EVENT
ART BASEL MIAMI BEACH 2017 CONVENTION CENTER SOUTH BEACH, MIAMI, FLORIDA
ART BASEL HONG KONG
MARCH 29-31, 2018
ART BASEL SWITZERLAND
JUNE 14-17, 2018
ART BASEL MIAMI BEACH
DECEMBER 6-9, 2018
ARTBASEL.COM
by Nancy Nesvet
For this writer, Art Basel Miami Beach 2017, the world’s biggest art show — in space, sales, artist and gallery representation — provided a giddy week. The crowded fair, full of technology, dazzle and shine, featured work from the big names in contemporary art. Anish Kapoor’s vertical swoosh of steel, “Non-Object (Door)” (2008, stainless steel, Lisson Gallery), reflected people who posed in front of it admiring their reflection. Barry X Ball’s “Perfect Forms (after Umberto Boccioni)” (2010-14, Connersmith) upped the ante by using 24-karat gold in another aerodynamic, futuristic form.
Older paintings and sculptures for sale included Marc Chagall’s “Peintre au Coq Rouge” (oil on gouache, 1959-68, Hammer Galleries, New York) and more 1960s-1980s work than at any recent art fair. Rotund Fernando Botero paintings and coal-black bronze animal sculptures were available in large number. Calder paintings and mobiles, “Five White Against Five White” (metal and wire, painted, 1973) and Picasso drawings and prints, including “Femme Assise, (Dora Maar)” (1955, lithograph, Masterworks Fine Art), and Gerhard Richter’s “Seestuck (Seascape with Olive Clouds)” (1969, oil on canvas, Van De Weghe Fine Art) added more gems from earlier decades.

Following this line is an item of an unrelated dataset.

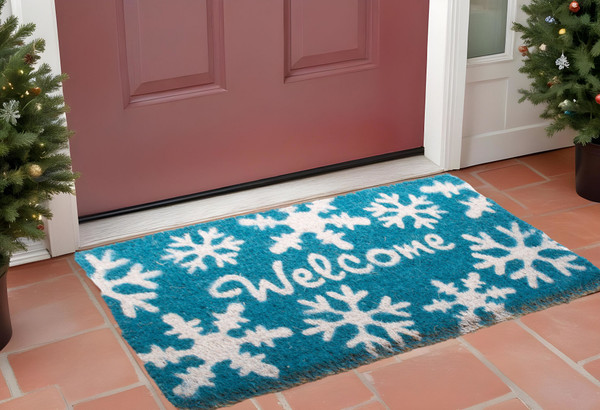 18" X 30" Aqua Blue and White Coir Snowflake Welcome Outdoor Winter Door Mat N270-555491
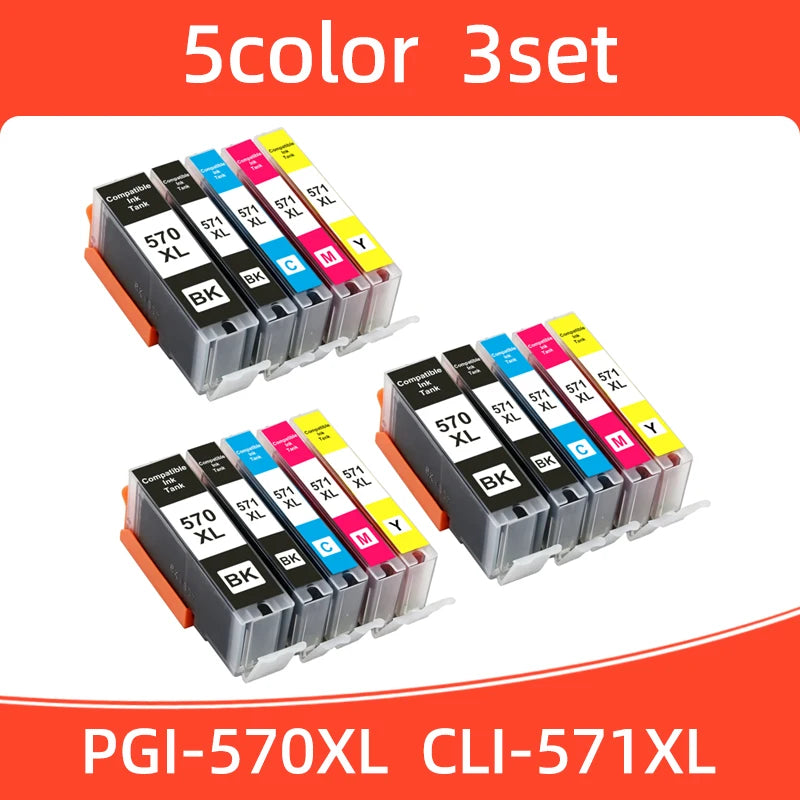 1SET 570 571 PGI-570 CLI-571 Ink Cartridge Compatible For Canon PIXMA MG5750  MG5751 MG5752 MG6850 TS6050  TS5050 TS5051 Printer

First-wave U.S. collectors bought 1920s and ‘30s art, Ash Can School, surrealist, abstract and Dada work made here and imported from Europe at the original Armory Show, and sold it a generation later. Those buyers, in the 1960s through ‘80s, bought that work along with Washington Color School, Abstract Expressionism, Photorealism and Pop Art, including Tom Wesselmann’s “Smoker, #11,” (1973, oil on canvas) and Sam Francis’ “Untitled,” (monotype with oil paint, 1957, Masterworks Fine Art). That generation or their estates are now selling their art as their transient children have literally no place for it, benefiting individual buyers and well-funded institutions in a market flooded with work.